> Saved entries
***

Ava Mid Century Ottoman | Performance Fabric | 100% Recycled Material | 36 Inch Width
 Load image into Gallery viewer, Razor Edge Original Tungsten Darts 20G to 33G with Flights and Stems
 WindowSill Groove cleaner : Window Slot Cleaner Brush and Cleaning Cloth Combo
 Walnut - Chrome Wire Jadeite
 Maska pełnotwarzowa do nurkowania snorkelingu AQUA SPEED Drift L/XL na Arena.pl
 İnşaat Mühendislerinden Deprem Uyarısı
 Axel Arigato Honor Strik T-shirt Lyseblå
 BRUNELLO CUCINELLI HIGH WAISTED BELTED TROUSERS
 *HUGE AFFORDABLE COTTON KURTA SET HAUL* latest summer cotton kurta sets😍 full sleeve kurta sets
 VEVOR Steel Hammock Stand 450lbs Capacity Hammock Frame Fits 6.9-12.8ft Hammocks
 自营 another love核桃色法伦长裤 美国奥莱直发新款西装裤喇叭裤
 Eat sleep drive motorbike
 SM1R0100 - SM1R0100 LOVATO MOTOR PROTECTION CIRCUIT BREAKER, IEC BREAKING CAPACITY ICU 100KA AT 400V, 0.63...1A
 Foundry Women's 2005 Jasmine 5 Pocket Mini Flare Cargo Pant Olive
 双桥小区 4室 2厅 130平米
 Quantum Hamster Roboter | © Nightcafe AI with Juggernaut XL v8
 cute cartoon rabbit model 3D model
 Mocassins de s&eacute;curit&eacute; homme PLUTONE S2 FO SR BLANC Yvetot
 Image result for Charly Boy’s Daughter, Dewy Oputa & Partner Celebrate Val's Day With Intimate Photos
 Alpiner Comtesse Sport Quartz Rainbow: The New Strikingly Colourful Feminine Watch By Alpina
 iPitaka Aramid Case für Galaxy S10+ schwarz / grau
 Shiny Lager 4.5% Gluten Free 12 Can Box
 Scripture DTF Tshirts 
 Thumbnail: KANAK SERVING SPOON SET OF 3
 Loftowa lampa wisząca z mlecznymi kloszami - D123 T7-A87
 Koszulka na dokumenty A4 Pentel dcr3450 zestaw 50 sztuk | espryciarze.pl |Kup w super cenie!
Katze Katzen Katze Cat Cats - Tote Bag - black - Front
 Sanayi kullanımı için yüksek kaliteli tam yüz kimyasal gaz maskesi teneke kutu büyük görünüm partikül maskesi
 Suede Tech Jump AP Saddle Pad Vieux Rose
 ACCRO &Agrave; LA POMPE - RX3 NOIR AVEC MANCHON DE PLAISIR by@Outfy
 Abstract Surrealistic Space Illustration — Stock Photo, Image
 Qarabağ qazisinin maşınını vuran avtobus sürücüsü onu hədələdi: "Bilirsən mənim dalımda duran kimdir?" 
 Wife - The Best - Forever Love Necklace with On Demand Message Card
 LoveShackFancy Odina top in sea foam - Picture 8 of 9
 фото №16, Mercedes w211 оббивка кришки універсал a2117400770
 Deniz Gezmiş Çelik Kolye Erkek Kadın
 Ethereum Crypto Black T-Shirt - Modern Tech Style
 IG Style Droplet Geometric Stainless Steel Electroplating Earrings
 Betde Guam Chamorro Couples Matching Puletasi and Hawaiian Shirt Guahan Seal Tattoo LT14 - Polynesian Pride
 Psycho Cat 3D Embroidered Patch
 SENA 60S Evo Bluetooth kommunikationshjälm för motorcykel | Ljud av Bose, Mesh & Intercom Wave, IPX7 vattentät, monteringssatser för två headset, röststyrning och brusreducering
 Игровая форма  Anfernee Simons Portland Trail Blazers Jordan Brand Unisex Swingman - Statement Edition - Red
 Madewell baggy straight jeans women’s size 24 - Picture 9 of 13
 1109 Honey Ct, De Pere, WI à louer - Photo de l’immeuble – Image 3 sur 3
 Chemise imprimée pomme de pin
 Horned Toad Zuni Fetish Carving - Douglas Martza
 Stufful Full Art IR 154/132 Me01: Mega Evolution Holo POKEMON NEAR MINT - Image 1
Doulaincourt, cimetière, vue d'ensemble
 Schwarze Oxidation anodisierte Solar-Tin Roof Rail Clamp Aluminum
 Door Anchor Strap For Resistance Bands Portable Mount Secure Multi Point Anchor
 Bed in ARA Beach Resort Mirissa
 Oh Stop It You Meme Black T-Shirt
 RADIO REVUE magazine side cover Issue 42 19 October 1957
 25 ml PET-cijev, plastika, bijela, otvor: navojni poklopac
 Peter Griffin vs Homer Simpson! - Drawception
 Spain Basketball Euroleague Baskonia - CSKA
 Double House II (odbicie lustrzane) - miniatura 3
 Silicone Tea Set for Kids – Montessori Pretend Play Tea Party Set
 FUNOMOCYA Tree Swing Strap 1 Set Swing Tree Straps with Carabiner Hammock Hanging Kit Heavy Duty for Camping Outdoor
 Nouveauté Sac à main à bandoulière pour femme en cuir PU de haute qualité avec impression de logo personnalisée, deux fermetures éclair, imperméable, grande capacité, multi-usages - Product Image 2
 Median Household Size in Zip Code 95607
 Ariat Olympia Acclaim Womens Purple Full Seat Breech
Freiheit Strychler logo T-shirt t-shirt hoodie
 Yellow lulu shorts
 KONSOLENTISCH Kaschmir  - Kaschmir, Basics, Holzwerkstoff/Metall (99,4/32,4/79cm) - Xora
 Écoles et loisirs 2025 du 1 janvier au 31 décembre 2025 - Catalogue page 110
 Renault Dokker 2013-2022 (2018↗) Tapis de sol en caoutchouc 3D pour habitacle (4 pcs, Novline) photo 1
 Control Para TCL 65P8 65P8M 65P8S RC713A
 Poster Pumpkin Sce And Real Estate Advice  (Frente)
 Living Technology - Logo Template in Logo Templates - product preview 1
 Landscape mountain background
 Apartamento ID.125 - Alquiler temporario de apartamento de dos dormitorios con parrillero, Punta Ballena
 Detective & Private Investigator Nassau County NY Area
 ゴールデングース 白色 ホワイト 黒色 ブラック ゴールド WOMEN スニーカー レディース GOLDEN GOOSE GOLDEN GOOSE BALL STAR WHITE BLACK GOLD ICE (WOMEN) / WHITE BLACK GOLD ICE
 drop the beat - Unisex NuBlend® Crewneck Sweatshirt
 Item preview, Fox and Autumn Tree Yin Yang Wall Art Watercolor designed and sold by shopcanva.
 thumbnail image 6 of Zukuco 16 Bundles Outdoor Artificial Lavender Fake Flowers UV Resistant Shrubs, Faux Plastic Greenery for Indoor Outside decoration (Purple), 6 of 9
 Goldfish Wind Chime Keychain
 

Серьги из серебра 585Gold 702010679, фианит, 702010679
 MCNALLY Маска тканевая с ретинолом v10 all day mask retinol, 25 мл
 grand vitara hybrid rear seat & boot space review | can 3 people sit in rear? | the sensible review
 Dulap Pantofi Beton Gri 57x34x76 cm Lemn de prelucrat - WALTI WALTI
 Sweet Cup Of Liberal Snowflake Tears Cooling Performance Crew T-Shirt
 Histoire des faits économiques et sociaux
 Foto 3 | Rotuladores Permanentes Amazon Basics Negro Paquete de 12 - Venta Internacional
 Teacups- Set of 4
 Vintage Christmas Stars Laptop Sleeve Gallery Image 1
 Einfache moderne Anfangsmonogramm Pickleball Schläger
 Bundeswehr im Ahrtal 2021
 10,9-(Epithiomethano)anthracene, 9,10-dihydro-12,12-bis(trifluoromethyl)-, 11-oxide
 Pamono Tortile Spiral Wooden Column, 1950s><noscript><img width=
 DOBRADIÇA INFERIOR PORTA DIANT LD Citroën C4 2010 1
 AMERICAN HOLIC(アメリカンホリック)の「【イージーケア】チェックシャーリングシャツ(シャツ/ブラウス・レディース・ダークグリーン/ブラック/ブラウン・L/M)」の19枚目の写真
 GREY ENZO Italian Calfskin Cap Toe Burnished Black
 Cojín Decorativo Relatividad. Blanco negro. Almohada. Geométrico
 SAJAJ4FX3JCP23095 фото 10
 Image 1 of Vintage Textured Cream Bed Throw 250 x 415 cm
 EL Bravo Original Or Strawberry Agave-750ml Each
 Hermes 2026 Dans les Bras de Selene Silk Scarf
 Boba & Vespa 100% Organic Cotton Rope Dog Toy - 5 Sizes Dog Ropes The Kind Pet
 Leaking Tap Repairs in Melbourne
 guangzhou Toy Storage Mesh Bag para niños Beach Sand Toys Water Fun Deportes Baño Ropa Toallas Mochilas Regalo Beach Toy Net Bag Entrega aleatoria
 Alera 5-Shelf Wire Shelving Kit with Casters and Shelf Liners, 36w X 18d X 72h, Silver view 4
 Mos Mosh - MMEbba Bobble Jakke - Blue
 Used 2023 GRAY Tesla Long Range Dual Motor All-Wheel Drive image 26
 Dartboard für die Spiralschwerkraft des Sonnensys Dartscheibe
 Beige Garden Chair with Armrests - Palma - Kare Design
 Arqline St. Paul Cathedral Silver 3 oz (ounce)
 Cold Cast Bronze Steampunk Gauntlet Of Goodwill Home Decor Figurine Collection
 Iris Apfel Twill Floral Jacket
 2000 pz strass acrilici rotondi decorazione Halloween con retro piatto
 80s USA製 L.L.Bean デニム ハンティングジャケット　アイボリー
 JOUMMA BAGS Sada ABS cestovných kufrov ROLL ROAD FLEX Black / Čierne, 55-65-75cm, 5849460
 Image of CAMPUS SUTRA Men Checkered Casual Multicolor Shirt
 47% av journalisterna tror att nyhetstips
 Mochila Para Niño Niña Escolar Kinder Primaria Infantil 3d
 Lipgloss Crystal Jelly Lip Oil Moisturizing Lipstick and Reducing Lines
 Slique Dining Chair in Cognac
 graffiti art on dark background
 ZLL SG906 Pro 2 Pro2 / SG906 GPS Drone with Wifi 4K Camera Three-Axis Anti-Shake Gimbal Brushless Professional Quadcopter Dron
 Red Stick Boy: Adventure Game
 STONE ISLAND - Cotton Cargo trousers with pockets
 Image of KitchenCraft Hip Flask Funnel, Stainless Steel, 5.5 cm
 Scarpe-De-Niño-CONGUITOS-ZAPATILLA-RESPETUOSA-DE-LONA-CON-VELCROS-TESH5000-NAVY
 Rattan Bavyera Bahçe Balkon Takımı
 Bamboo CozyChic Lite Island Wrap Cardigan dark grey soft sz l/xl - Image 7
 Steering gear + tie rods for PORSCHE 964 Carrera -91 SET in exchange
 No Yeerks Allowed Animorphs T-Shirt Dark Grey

***

> EXERCISE DETAILS
Working through the data above, find every line holding "Tree" and copy it.

> YOUR RESPONSE
 FUNOMOCYA Tree Swing Strap 1 Set Swing Tree Straps with Carabiner Hammock Hanging Kit Heavy Duty for Camping Outdoor
 Item preview, Fox and Autumn Tree Yin Yang Wall Art Watercolor designed and sold by shopcanva.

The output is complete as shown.